_WHAT TO DO_: In the records, find each line where "Club" occurs, and copy it.

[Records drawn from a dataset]
○ ○ ○ ○ ○
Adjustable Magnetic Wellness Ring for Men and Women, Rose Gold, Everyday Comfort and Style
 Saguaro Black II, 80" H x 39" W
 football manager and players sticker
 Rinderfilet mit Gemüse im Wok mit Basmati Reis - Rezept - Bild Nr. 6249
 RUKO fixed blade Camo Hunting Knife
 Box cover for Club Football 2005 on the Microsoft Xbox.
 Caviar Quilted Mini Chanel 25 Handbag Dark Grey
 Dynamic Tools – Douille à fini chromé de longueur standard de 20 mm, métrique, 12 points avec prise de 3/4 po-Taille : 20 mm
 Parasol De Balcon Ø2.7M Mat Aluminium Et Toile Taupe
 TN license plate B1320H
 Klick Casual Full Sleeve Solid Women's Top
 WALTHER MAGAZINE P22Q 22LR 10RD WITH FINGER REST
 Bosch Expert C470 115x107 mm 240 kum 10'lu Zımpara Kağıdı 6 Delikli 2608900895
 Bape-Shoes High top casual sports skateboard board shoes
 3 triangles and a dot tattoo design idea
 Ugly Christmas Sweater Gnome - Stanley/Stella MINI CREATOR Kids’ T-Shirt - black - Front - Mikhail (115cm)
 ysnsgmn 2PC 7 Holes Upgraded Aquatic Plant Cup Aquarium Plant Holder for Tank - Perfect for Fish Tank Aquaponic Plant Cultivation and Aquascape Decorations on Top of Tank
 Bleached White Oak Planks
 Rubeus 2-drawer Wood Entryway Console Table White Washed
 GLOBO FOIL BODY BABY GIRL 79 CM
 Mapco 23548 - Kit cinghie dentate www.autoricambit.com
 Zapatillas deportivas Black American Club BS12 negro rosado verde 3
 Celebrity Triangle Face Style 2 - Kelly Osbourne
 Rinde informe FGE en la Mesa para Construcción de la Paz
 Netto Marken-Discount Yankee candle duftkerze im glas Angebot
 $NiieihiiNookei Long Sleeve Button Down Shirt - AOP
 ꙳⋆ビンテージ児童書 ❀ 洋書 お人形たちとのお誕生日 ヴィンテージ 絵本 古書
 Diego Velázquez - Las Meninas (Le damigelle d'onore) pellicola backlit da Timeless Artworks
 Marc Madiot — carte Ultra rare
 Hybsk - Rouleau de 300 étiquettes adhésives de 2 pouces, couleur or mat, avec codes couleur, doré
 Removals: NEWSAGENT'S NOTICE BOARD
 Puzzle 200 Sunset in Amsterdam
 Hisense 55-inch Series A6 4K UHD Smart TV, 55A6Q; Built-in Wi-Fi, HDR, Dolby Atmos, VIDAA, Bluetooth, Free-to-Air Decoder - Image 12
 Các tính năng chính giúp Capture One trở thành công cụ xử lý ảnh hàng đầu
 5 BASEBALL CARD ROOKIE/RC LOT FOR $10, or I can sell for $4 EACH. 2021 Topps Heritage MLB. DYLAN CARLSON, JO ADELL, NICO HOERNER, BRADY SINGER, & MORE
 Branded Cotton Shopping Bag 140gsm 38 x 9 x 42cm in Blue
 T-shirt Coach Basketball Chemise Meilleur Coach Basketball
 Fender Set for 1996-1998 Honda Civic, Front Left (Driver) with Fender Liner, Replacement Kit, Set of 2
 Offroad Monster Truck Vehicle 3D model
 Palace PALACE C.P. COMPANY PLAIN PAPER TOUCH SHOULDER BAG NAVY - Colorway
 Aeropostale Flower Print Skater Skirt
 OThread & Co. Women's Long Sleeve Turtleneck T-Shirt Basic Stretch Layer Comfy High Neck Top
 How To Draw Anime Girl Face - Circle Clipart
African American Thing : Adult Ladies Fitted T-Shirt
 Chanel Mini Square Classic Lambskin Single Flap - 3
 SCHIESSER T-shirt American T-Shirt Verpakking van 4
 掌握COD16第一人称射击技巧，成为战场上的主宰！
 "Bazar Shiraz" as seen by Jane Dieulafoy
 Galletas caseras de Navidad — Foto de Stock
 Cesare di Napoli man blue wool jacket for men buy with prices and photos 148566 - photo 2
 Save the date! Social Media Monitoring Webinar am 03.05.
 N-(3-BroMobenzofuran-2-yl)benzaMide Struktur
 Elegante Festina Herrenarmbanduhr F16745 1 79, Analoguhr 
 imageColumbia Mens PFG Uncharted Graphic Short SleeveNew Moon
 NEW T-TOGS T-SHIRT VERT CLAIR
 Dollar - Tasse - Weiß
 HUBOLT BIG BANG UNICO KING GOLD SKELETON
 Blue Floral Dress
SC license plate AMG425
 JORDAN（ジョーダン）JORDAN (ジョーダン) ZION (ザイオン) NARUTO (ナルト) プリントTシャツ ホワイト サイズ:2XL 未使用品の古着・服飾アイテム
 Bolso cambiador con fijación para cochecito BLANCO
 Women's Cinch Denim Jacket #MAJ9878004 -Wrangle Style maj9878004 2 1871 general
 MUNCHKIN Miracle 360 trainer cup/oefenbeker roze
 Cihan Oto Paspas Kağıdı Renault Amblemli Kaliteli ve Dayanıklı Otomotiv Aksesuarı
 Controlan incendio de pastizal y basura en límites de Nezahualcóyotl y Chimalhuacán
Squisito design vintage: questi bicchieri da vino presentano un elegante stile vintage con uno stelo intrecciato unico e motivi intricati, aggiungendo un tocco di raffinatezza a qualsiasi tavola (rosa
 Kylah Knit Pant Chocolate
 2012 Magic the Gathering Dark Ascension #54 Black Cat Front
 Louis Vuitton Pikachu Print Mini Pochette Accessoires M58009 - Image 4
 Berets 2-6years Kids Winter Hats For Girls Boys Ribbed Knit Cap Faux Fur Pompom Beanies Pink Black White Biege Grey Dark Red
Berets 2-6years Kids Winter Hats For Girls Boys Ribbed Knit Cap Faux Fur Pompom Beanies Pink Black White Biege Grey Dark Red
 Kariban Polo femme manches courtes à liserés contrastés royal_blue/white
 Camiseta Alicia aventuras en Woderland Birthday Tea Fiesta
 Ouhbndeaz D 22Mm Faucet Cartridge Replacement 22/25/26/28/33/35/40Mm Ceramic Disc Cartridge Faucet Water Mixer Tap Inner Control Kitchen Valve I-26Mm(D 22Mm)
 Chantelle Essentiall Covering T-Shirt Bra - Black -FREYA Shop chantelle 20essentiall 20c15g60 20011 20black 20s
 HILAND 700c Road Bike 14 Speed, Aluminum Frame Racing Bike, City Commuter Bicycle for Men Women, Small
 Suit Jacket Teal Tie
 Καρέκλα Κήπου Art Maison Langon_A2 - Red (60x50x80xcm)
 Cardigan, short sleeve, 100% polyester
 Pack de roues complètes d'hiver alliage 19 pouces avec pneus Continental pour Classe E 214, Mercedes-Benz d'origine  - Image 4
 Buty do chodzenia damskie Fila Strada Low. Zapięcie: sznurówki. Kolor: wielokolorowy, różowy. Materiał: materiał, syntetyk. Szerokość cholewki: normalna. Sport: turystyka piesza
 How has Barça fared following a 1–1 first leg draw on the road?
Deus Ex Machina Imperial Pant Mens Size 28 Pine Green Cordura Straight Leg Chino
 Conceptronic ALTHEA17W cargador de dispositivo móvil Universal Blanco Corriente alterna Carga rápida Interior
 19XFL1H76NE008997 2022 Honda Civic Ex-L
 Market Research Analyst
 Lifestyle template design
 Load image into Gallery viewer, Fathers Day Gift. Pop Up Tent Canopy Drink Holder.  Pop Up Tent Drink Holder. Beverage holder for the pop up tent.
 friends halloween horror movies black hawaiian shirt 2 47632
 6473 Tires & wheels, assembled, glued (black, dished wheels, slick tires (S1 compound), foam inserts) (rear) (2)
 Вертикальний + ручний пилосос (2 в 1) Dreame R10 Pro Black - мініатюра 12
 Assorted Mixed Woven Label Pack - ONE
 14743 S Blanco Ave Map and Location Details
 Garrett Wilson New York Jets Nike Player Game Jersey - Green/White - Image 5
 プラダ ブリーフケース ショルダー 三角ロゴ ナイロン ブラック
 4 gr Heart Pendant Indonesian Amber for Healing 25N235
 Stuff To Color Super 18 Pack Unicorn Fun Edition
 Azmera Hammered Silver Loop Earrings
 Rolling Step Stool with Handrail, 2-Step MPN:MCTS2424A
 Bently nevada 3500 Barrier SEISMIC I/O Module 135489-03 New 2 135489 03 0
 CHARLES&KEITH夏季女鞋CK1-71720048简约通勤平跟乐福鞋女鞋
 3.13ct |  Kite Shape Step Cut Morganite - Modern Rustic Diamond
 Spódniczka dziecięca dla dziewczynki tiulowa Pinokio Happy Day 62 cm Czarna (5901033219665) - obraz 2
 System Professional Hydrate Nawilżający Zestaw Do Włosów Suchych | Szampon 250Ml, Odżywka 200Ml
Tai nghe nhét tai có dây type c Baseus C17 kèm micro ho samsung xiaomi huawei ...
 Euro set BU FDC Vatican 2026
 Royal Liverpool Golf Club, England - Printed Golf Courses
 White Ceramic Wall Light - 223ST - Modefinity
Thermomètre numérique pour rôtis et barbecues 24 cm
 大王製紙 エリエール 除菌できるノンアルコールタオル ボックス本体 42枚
○ ○ ○ ○ ○
_SOLUTION TO THIS PROBLEM_:
 Box cover for Club Football 2005 on the Microsoft Xbox.
 Zapatillas deportivas Black American Club BS12 negro rosado verde 3
 Royal Liverpool Golf Club, England - Printed Golf Courses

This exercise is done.